Extracted material:

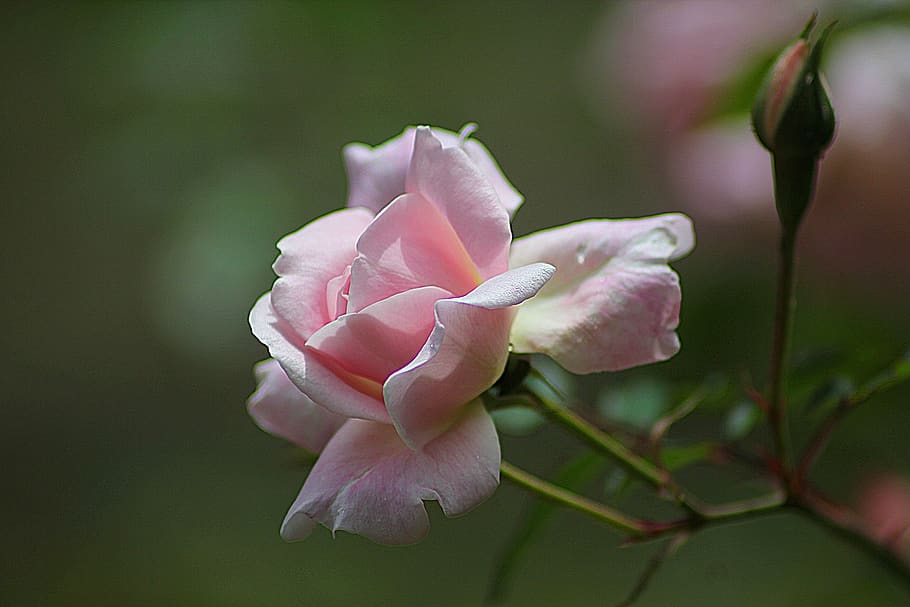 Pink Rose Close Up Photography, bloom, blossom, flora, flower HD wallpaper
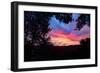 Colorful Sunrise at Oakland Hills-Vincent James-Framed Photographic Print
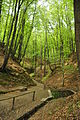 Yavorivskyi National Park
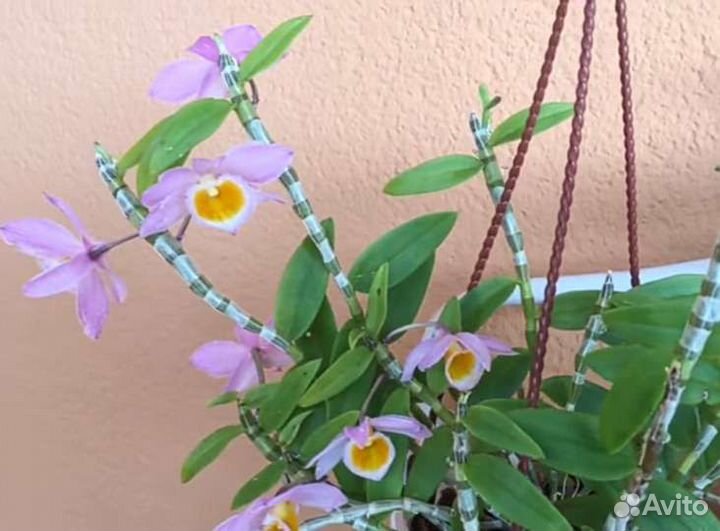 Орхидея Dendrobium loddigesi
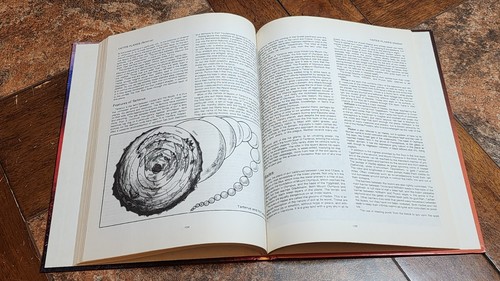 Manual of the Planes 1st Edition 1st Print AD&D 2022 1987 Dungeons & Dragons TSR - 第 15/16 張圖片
--
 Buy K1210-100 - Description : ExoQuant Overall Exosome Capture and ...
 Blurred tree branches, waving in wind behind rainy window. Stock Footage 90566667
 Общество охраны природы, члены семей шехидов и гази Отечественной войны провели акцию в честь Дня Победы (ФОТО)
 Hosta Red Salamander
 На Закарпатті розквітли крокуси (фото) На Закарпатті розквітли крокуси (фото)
...
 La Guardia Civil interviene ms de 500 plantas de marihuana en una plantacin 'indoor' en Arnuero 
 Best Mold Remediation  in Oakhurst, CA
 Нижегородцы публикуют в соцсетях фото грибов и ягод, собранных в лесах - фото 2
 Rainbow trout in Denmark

Task prompt: Once the line with "Best Mold Remediation" is found in the records above, print exactly that line and every line after it through the line with "Rainbow trout in Denmark".

Output for this task:
 Best Mold Remediation  in Oakhurst, CA
 Нижегородцы публикуют в соцсетях фото грибов и ягод, собранных в лесах - фото 2
 Rainbow trout in Denmark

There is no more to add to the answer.